Court Opinion

ID: 7904139
Source: CourtListenerOpinion
Date Created: 2022-09-08 21:58:43.120721+00
Date Added: 2024-06-11T16:32:21.625336
License: Public Domain

The opinion of the court was delivered by
Burch, J.:
The action was one to recover damages for breach of contract. An objection to the introduction of evidence in support of the petition was sustained, judgment was rendered for the defendants, and the plaintiff appeals.
The defendants are husband and wife. They agreed orally to execute and deliver to the plaintiff an oil and gas lease cov*843ering part of their homestead. J. L. Smalley did execute the lease, but his wife declined to do so.

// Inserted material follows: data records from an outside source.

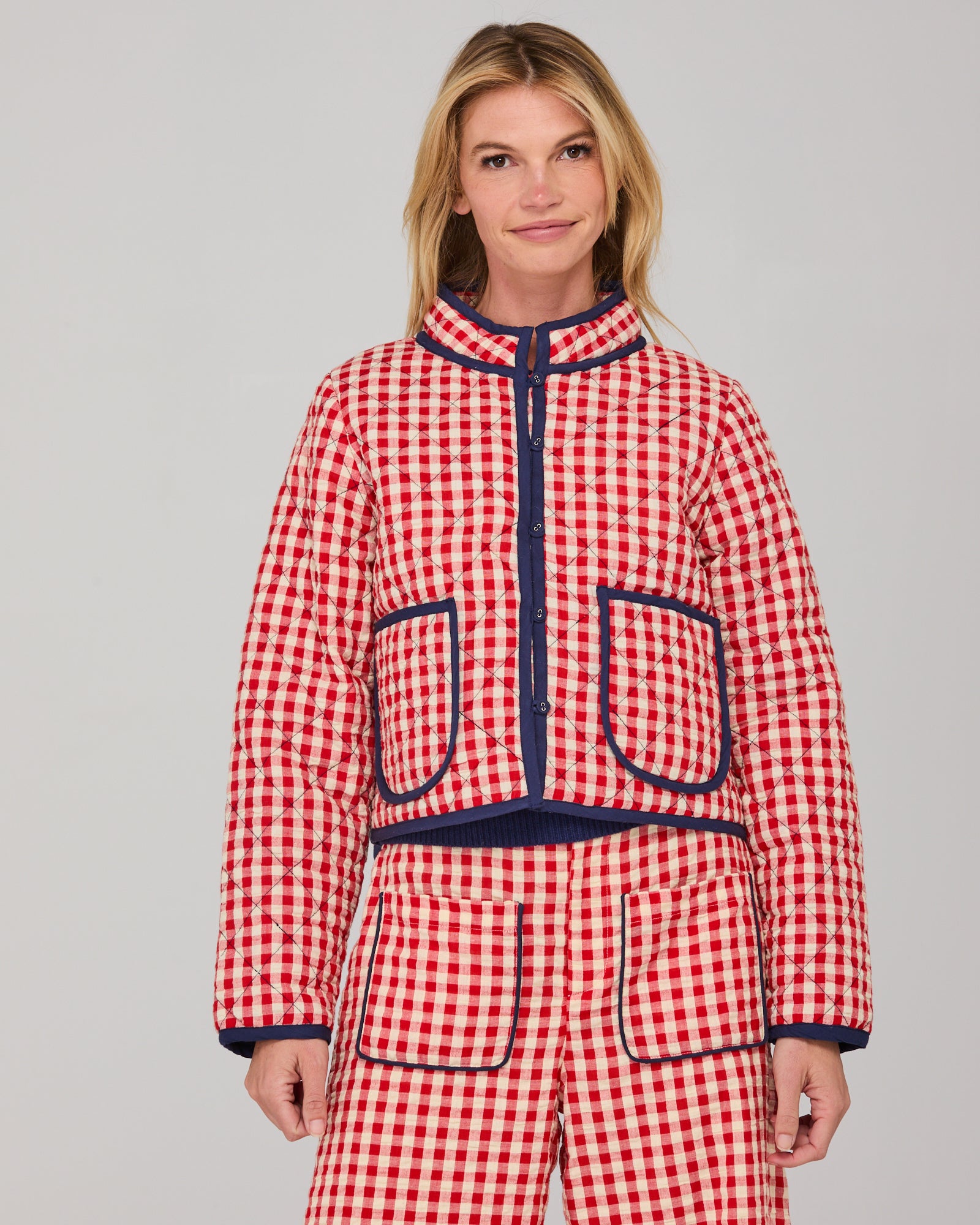 Boom Shankar Mizuki Jacket - Red Seersucker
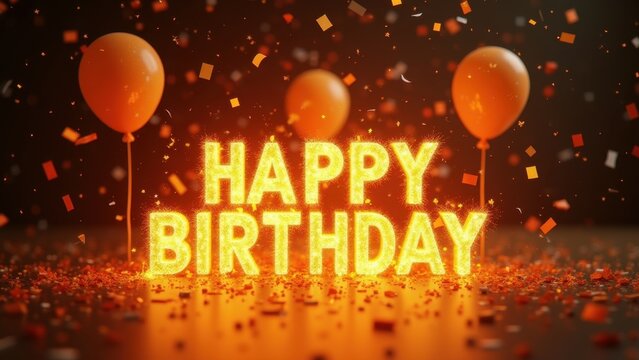 Illuminated golden happy birthday sign with glowing lights surrounded by balloons and falling confetti on dark background, concept of birthday parties, event planners, greeting cards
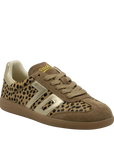 A low-top sneaker featuring a brown and black leopard print pattern on the toe box and side panels, combined with smooth brown suede overlays, beige laces, and metallic gold side stripes and tongue embroidery.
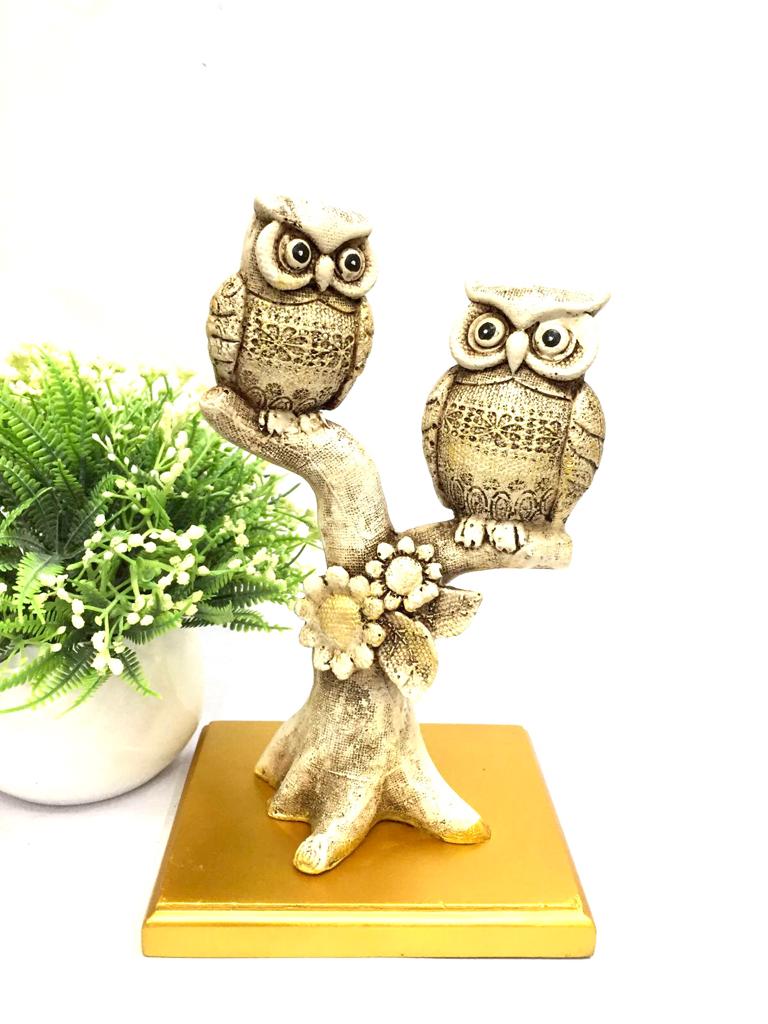 Lovely Owls Sitting On Stem Exclusive Designer Showpiece From Tamrapatra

The plaintiff argues that the agreement to make the lease did not relate to an interest in land, but merely gave the right to explore, and, if oil and gas were found, to produce and sever them. It is conceded that the lease authorized an invasion of the homestead for the purpose of prospecting and for the prosecution of oil and gas operations, and would be void without joint consent of husband and wife, but it is insisted no contract for the sale of land, or any interest in land, was made, within the meaning of the statute of frauds, and consequently that an action lies on the oral promise to execute the lease. While the court has held that an oil and gas lease of the kind under consideration does not constitute a conveyance, will not support a mechanic’s lien, does not operate as a grant and severance of mineral in place, and creates no estate proper in the land itself, it does create an incorporeal hereditament. A contract for the sale of hereditaments, whether incorporeal or corporeal, is within the sixth section of the statute of frauds. (Gen. Stat. 1915, § 4889.)
In the petition damages were claimed from J. L. Smalley on another ground. The lease lacked nothing but the wife’s signature to make it effective, and it was alleged that J. L. Smalley, for a consideration, contracted to procure his wife’s signature to the lease.

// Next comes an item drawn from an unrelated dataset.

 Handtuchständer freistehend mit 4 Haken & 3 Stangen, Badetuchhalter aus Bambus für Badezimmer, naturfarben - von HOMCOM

The statute of frauds applies to the contract between vendor and vendee. This was not a contract by which Smalley agreed to sell anything, or by which his wife agreed to sell anything, or by which the plaintiff agreed to sell anything. The contract was purely one of employment to produce a stated result, and consequently the statute of frauds has no application. The employment was somewhat analogous to employment of an agent to negotiate a purchase of land. In such a case the court said:
“The contract between the plaintiff and the defendant, constituting the defendant the agent of the plaintiff, was not ‘a contract for the sale of lands, tenements or hereditaments, or any interest in or concerning them,’ but it was simply a contract making the defendant an agent to negotiate for the parchase of lands, tenements, and hereditaments, and interests in and concerning them.” (Rose v. Hayden, 35 Kan. 106, 112, 10 Pac. 554.)

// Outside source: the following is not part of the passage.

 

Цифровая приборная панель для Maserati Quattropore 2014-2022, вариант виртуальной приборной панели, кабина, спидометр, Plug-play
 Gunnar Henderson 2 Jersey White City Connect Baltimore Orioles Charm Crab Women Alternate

No question of public policy is involved. The wife was competent to bargain respecting her homestead rights; it was per*844•fectly lawful for her to do so, and it was perfectly lawful for her husband to deal with her, as agent of a prospective purchaser, respecting her homestead rights. Therefore, to the extent indicated, the petition stated a cause of action.
The judgment of the district court is reversed, and the cause is remanded for trial.